The environmentalists see the downside of chemicals. They read studies such as the recent ones in The Journal of Epidemiology suggesting that DDT exposure may increase rates of miscarriage or reduce fertility. A South Africa study suggested DDT affects sperm physiology.
Public Health officials focus on the immediate dangers of the mosquito-carrying diseases. Every day 2,200 Africans die from malaria, the vast majority are children younger than 5, according to the Global Fund to Fight AIDS, Tuberculosis and Malaria. Put another way, every 30 seconds, malaria kills one African child. Those who survive are often left weak — physically and mentally. It is a disease that is clobbering entire nations.
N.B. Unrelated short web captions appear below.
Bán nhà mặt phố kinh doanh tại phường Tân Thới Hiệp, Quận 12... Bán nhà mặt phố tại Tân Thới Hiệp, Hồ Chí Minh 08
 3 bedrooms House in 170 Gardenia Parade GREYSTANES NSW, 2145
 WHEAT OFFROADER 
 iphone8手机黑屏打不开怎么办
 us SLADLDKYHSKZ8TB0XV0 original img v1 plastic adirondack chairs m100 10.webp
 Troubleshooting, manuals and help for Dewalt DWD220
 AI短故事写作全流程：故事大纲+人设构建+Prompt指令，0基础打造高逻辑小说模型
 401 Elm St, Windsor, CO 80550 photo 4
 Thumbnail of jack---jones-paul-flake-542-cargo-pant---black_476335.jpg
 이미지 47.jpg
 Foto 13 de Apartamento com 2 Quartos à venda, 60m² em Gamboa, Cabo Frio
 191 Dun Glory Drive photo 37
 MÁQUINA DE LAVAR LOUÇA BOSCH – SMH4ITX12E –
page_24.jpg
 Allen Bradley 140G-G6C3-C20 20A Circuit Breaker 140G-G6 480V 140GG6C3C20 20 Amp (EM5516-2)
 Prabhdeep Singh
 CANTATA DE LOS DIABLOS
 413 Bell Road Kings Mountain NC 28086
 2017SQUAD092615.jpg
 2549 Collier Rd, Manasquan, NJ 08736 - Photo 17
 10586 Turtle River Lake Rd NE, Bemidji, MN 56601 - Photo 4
The real solution, according to the experts, is to do what I always nag my kids about: Use common sense, learn from mistakes and get along with the other players. That means that we have to look at the science, not the politics of pesticides and use them judiciously and only when needed.
We have to learn, for the first time, to use restraint when we discover a new poison for the bugs. Alternating a few chemicals in limited use will prolong resistance. And we have to realize that we’ll never control these diseases simply. These bugs are clever creatures, always one step ahead of us. If we want to make any advance, it will take a sustained, labor-intensive effort incorporating low doses of pesticides along with surveillance and prevention. For malaria, this also means impregnated bednets and good diagnostic techniques so we only treat people who truly have malaria.
And lastly, the environmentalists and the health folks should sit down together, a peace conference of sorts. Or, as Yale’s Fish said, “the public health funding agencies are not responsible for the environment and the Environmental Protection Agency is not responsible for health. We need to engage each other in outcomes so there won’t be conflicts.”